Work instruction »
Report back every line in the data that includes the string "House".
START Task material
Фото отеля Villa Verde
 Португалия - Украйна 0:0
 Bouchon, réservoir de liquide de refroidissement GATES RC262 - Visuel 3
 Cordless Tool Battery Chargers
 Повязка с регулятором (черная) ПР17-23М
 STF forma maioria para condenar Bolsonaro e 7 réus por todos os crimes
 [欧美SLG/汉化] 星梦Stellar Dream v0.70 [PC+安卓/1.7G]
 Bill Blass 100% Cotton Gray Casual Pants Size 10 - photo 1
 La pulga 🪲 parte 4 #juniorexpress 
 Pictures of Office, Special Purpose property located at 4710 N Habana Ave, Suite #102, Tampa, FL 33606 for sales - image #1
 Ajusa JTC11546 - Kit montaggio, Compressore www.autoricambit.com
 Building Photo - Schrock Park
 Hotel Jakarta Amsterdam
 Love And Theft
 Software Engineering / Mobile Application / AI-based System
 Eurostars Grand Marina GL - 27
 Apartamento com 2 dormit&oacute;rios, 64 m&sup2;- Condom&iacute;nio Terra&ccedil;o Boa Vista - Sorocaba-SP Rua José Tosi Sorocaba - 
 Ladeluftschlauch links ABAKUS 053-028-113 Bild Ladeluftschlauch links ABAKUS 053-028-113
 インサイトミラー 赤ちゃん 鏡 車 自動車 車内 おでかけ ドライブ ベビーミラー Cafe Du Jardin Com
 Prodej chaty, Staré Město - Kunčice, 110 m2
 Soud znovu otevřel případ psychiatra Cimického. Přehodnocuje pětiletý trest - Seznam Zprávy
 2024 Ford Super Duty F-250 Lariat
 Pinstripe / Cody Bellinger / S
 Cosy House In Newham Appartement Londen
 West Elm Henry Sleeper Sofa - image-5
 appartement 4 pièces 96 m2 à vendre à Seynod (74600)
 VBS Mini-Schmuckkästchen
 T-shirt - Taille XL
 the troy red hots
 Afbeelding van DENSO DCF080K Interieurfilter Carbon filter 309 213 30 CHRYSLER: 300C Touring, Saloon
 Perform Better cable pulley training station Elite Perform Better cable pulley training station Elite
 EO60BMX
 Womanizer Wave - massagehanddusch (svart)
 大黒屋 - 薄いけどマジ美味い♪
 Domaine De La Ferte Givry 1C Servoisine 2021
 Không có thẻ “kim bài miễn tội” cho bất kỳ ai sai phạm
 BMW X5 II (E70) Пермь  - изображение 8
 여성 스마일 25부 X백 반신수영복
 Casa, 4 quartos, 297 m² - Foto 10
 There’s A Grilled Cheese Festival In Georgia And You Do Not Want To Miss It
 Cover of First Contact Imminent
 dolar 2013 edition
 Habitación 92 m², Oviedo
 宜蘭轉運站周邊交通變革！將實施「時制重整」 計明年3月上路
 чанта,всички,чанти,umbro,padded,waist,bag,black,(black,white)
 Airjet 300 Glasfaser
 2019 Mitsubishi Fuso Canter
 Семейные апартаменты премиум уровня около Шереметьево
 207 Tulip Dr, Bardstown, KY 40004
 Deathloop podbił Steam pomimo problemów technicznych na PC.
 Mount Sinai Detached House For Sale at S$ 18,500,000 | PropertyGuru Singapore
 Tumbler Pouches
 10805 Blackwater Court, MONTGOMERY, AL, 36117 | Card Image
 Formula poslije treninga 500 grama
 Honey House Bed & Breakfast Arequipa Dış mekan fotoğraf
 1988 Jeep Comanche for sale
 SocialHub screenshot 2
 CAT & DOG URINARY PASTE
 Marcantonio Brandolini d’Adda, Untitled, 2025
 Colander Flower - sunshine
END Task material
Task answer »
 Cosy House In Newham Appartement Londen
 Mount Sinai Detached House For Sale at S$ 18,500,000 | PropertyGuru Singapore
 Honey House Bed & Breakfast Arequipa Dış mekan fotoğraf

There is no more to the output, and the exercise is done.